**What you should do:** What are the lines, word for word, from the line with "Bếp từ Matika MTK-2111 (Tặng kèm nổi lẩu)" up to and including the line with "Enthoo Pro M PH-ES515P_TG [TITANIUM GREEN]" in the records below? Omit the pictures.

**Data records:**
------------------------

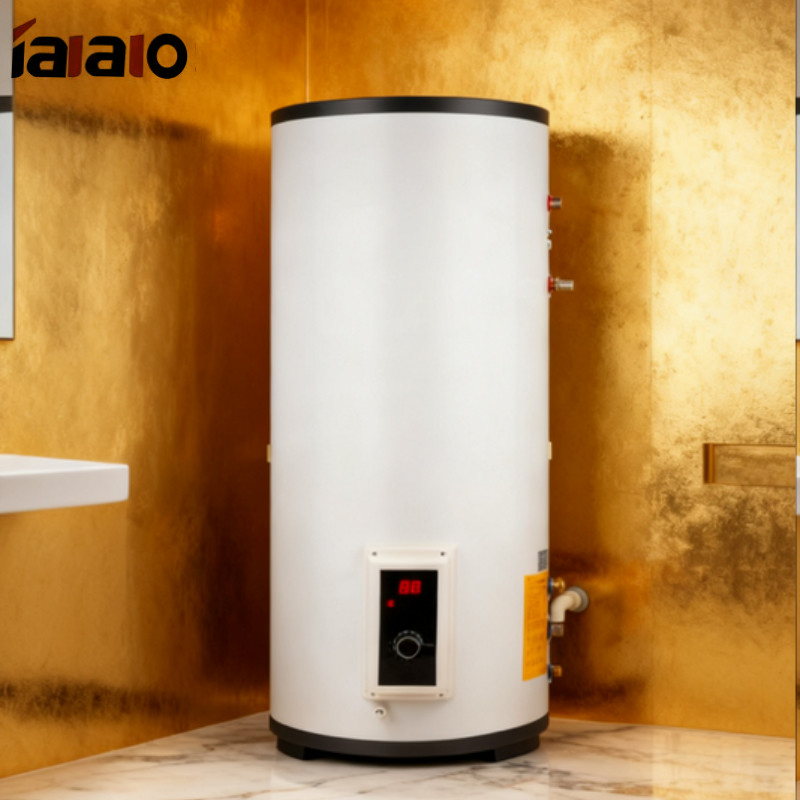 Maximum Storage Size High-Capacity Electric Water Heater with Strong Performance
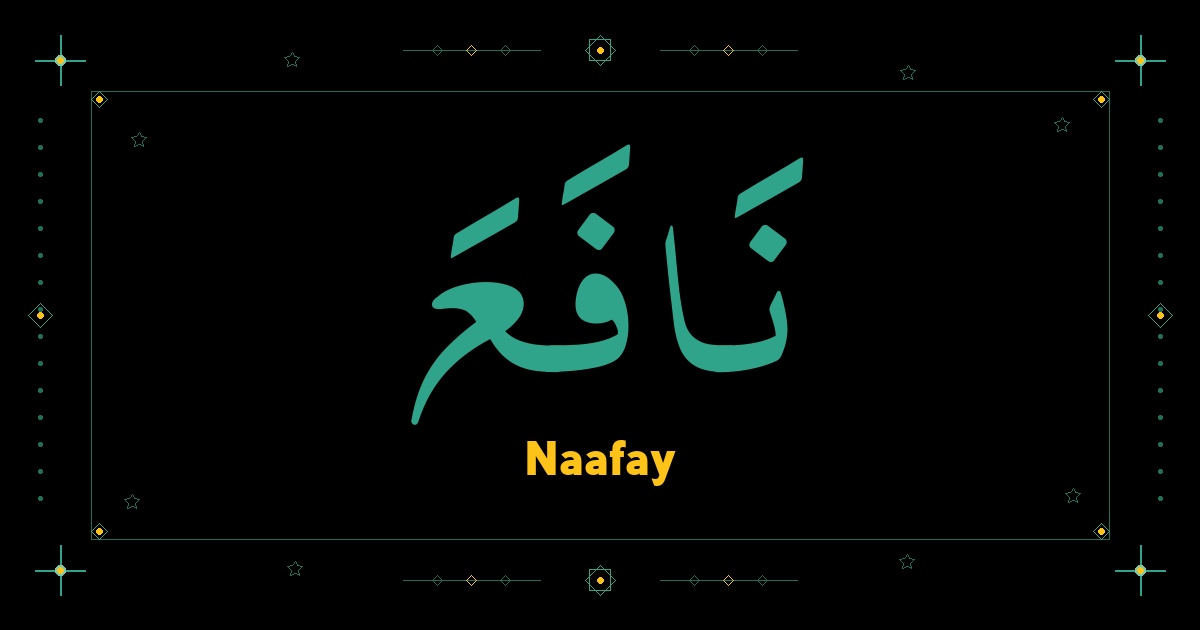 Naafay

------------------------

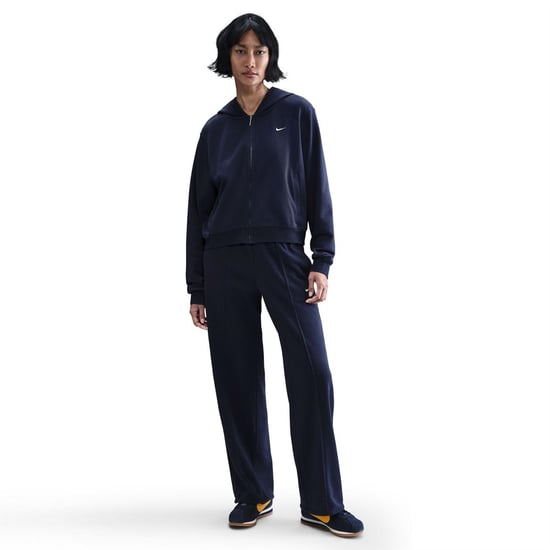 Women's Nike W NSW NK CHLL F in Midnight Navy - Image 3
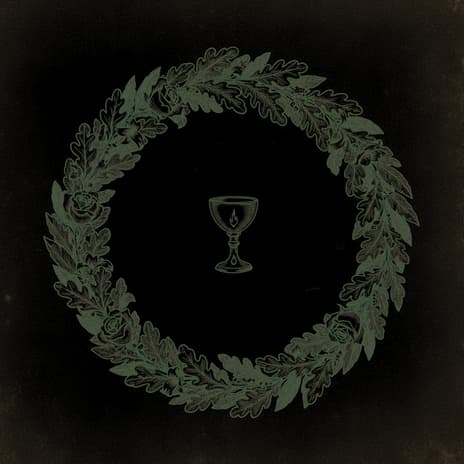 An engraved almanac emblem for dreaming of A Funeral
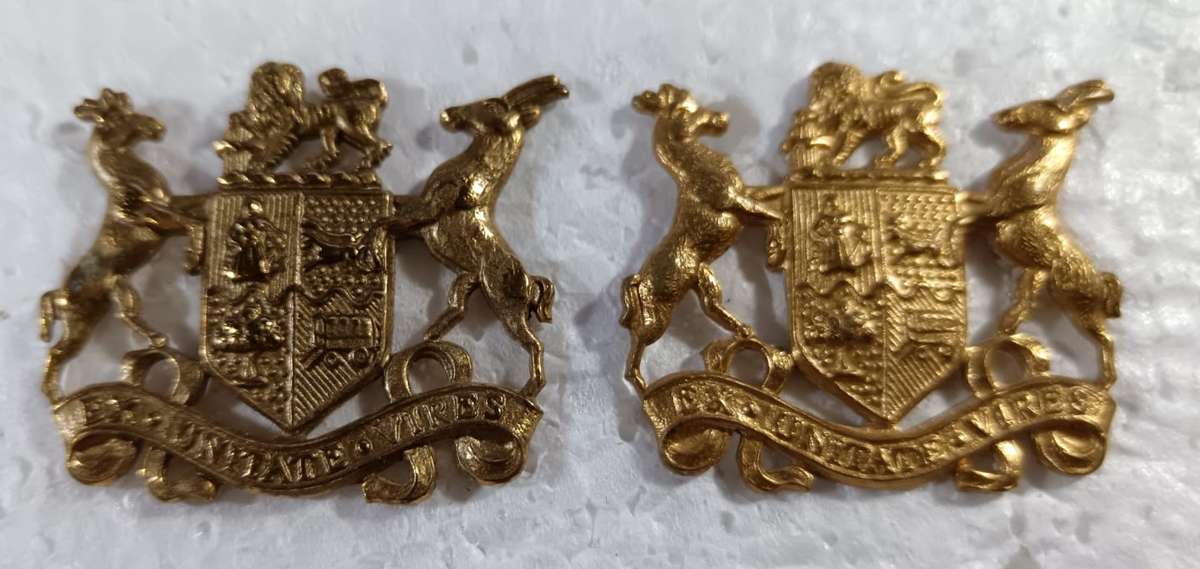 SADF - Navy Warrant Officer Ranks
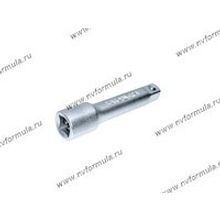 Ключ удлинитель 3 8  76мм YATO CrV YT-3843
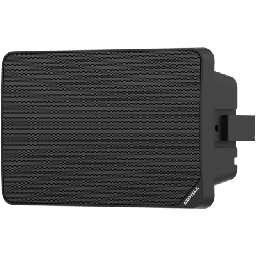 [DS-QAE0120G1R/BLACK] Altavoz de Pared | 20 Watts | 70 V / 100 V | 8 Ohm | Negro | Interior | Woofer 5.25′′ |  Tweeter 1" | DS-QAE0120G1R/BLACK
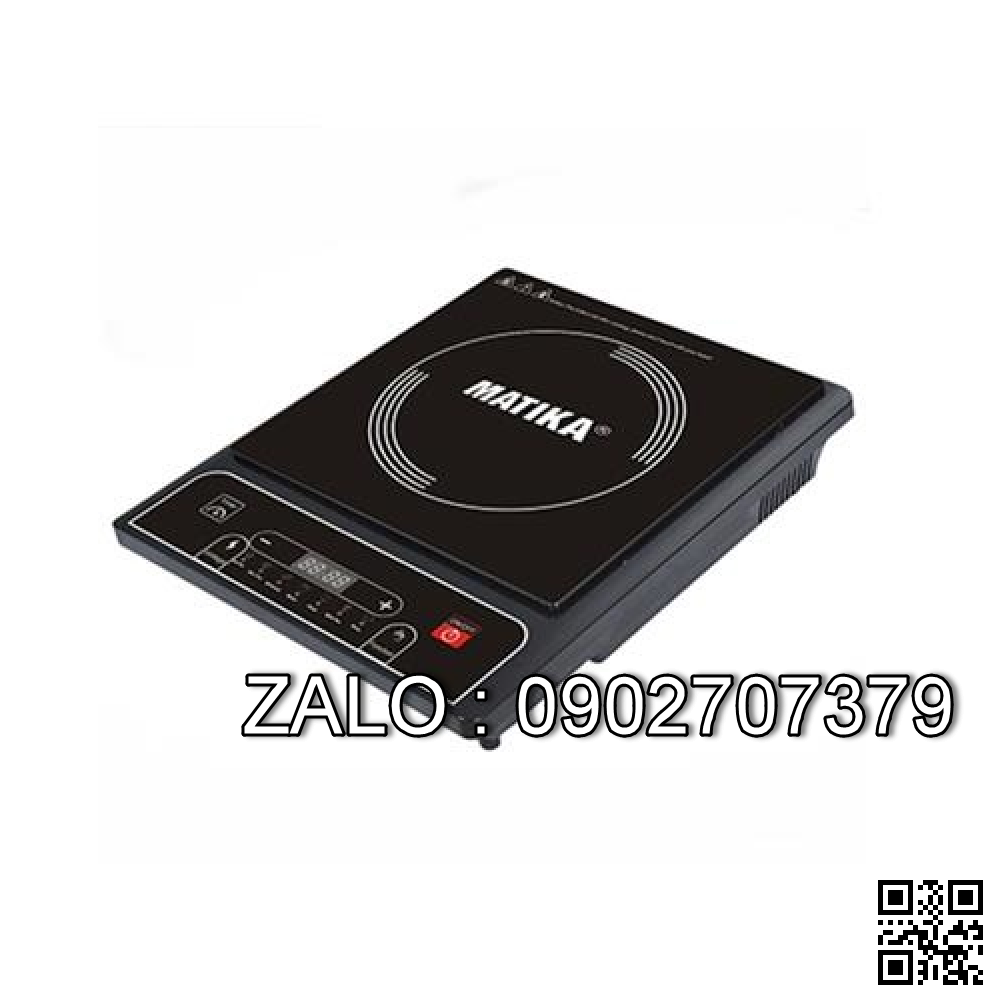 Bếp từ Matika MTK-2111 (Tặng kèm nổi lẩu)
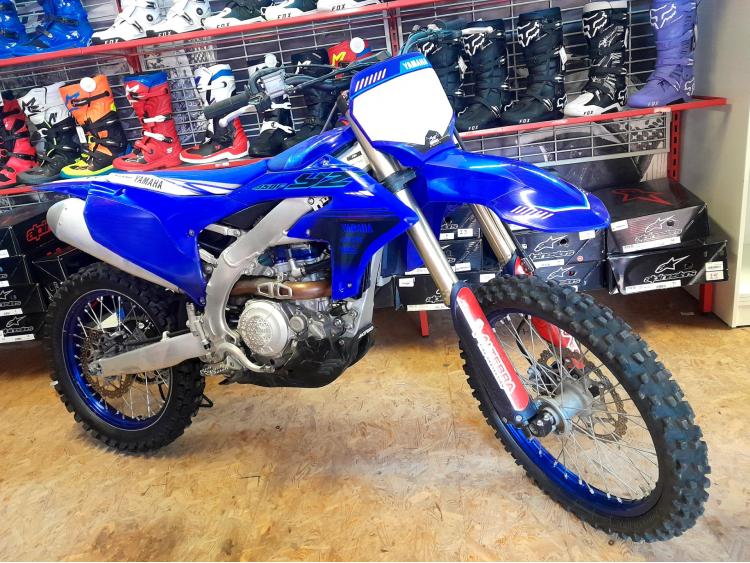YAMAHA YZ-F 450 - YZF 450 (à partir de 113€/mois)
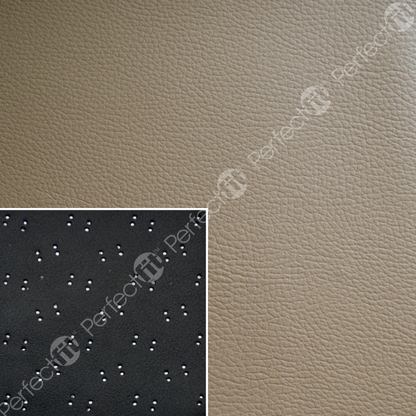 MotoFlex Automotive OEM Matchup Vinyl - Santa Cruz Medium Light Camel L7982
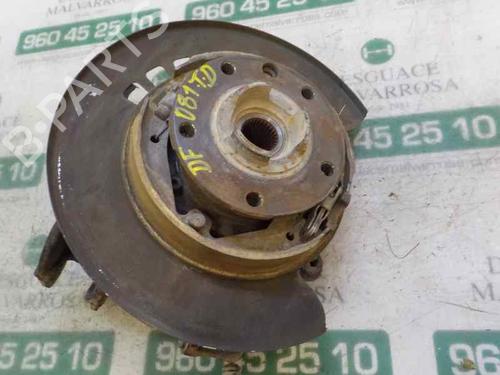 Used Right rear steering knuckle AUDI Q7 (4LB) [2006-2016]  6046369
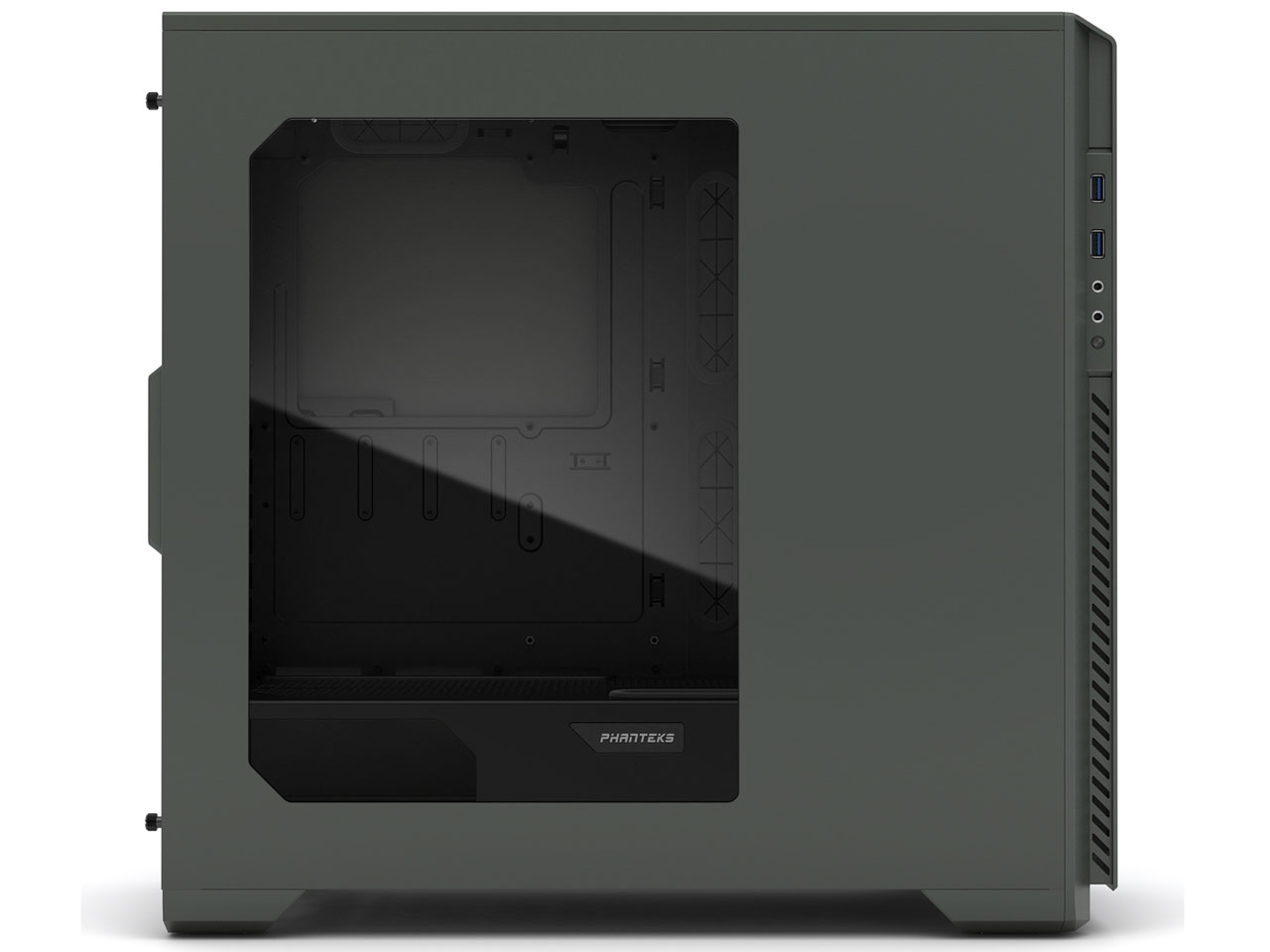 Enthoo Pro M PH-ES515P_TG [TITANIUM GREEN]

------------------------

**The answer:**
 Bếp từ Matika MTK-2111 (Tặng kèm nổi lẩu)
YAMAHA YZ-F 450 - YZF 450 (à partir de 113€/mois)
 MotoFlex Automotive OEM Matchup Vinyl - Santa Cruz Medium Light Camel L7982
 Used Right rear steering knuckle AUDI Q7 (4LB) [2006-2016]  6046369
 Enthoo Pro M PH-ES515P_TG [TITANIUM GREEN]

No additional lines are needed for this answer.